The clause in question in
fact required that *any* dispute between the homeowners or the association on
one side and the developer on the other side was required to be submitted to
binding arbitration. The clause was included in CC&R's recorded two years
before the sale of the first unit. In fact, the developer later failed and the
property passed at foreclosure to its construction lender, and the units were
sold thereafter.
Faced with numerous
alleged construction defects, the association, representing the interests of
the homeowners, brought suit against the developer, which responded with a
demand for binding arbitration.
The trial court denied the petition, likening the arbitration
clause to an adhesion contract and calling it "unAmerican."

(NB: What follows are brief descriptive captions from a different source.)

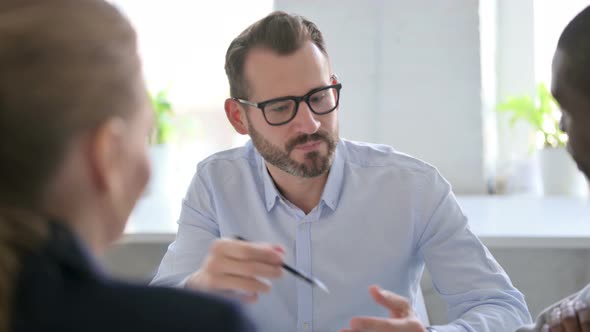 Serious Businessman Talking to Colleagues in Office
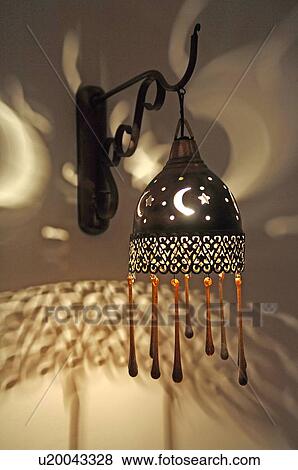 Wall lamp with moon and stars pattern View Large Photo Image Stock Photo - Wall lamp with moon and stars pattern. Fotosearch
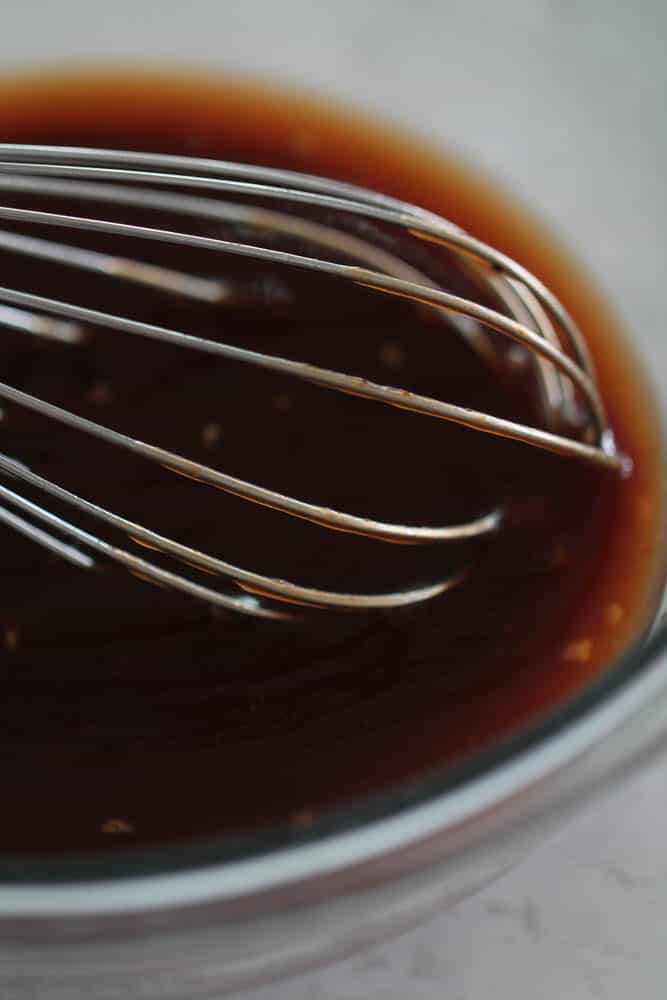 BBQ sauce mixture in a glass bowl with a whisk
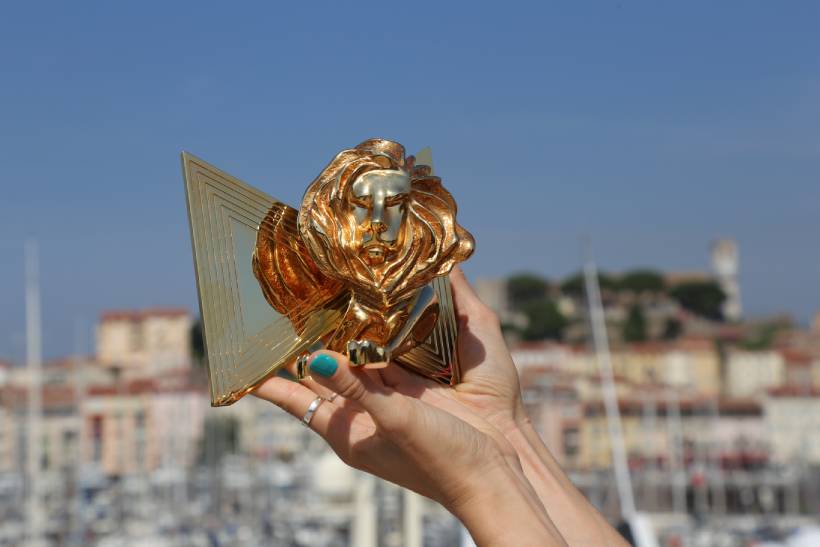 hand holding a cannes lion award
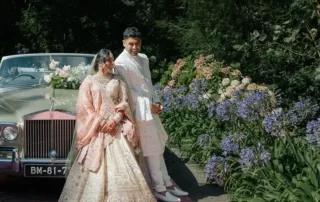 Casal de noivos junto a um carro clássico num jardim florido.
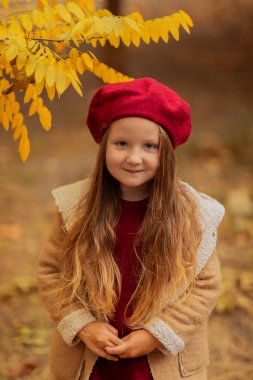 Kırmızı bereli ve sonbahar parkında açık kahverengi ceketli mutlu küçük kız. Sonbahar konsepti. Sonbahar havası sonbahar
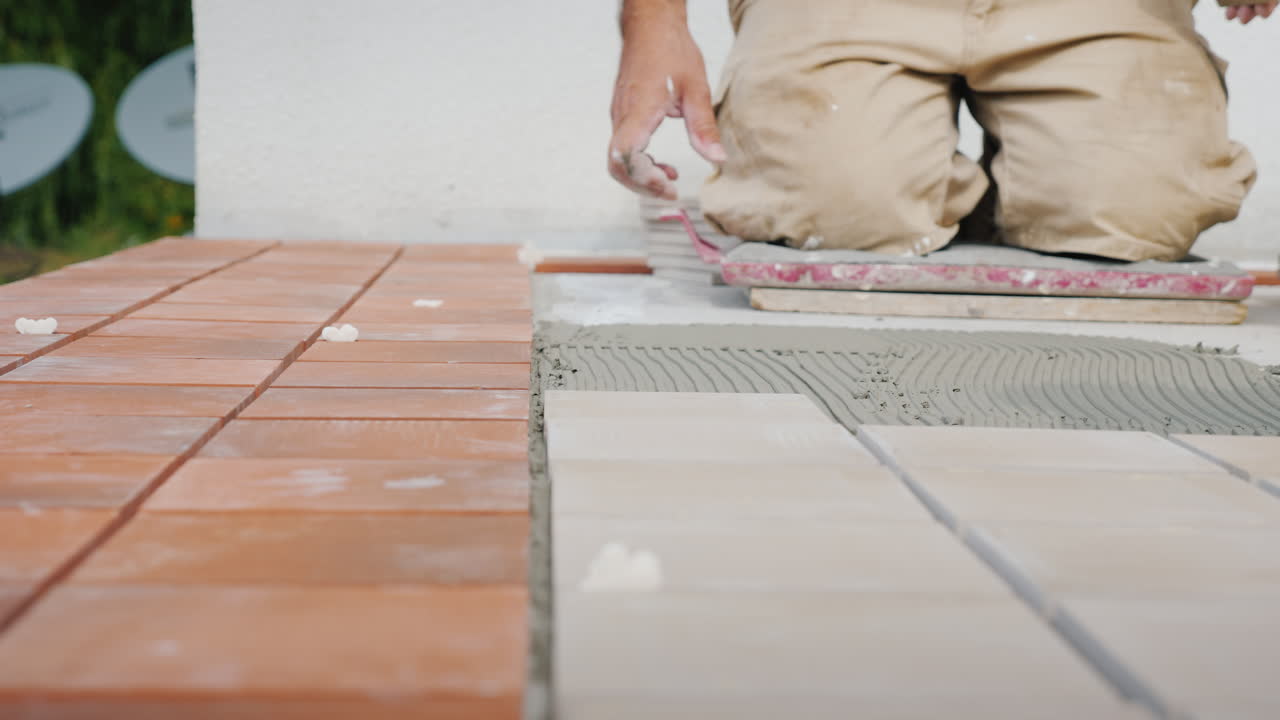 Master Lays The Tiles On The Floor Puts It On Glue Close-Up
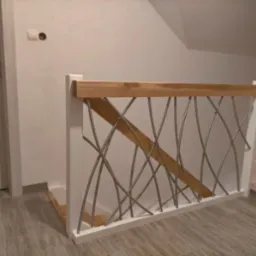 Nowoczesna balustrada schodowa z białymi elementami, drewnianą poręczą i metalowymi, zakrzywionymi prętami, widoczna na tle ściany i fragmentu schodów.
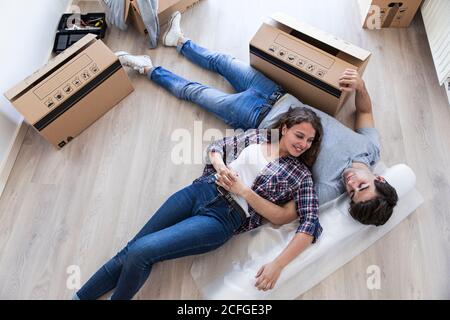 Young couple laying together on floor with carton boxes holding hands and looking at each other Stock Photo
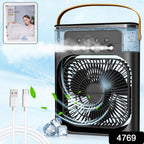 USB-powered portable fan connected to a laptop for personal cooling.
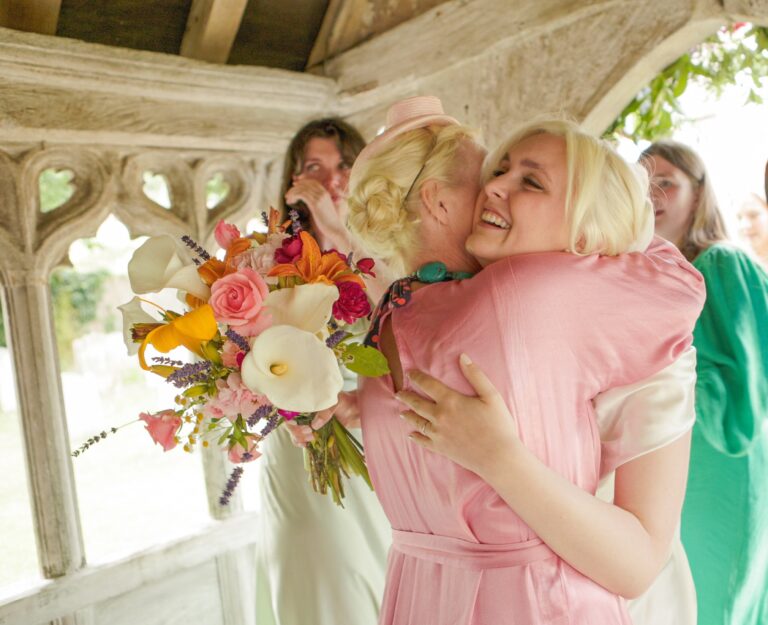 A bride embraced by a guest under a stone garden arch, Gorgeous Films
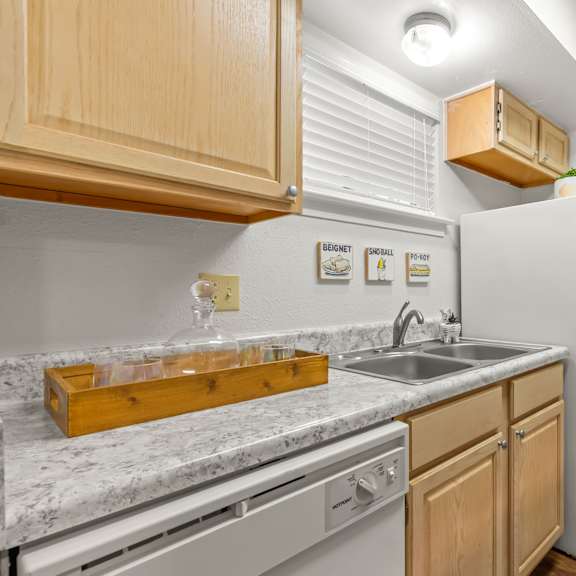 a kitchen with a white fridge, wooden cabinets, and a marble countertop.
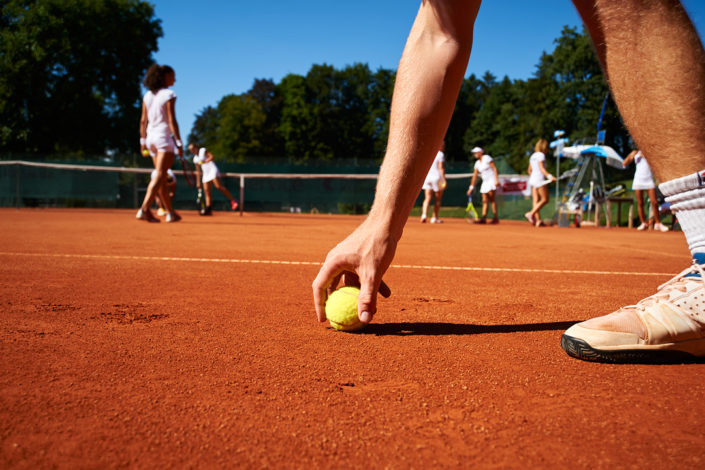 Der Trainer nimmt einen Ball auf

The appeals court affirmed, noting that California CCP Section
1298.7 provides home buyers the right to bring a judicial action for
construction or design defect damages even when the purchase agreement contains
a binding arbitration clause. It concluded that public policy will not permit a
developer, who is unable to use a purchase agreement to block a home buyer' s
access to a judicial forum, to cut off that access by circuitous means the
CC&R' s.
The court starting out by
confirming the analysis of the trial court that CC&R's in general
constituted contracts of adhesion.
The developer argued that
the trial court's ruling that the contract was an adhesion contract was
erroneous because contract analysis should not apply. It contended that a
different law - real property law instead of contract law - determined its
rights. But the court indicated that it would not get bogged down in
characterization issues. Whether in a real estate document or not, the right to
enforce the covenant to arbitrate must necessarily be contractual. It noted
that a court would compel arbitration only if a binding agreement to arbitrate
existed. Thus, unless the CC&R's in fact constituted a valid agreement to
arbitrate, as determined under contract law, the petition to compel arbitration
would have to be denied.
The developer then argued
that the CC&R's could not be characterized as an adhesion contract because
the homeowners could have purchased property elsewhere in a condominium
development whose governing CC&R' s did not contain an arbitration clause..
The court cited Madden v.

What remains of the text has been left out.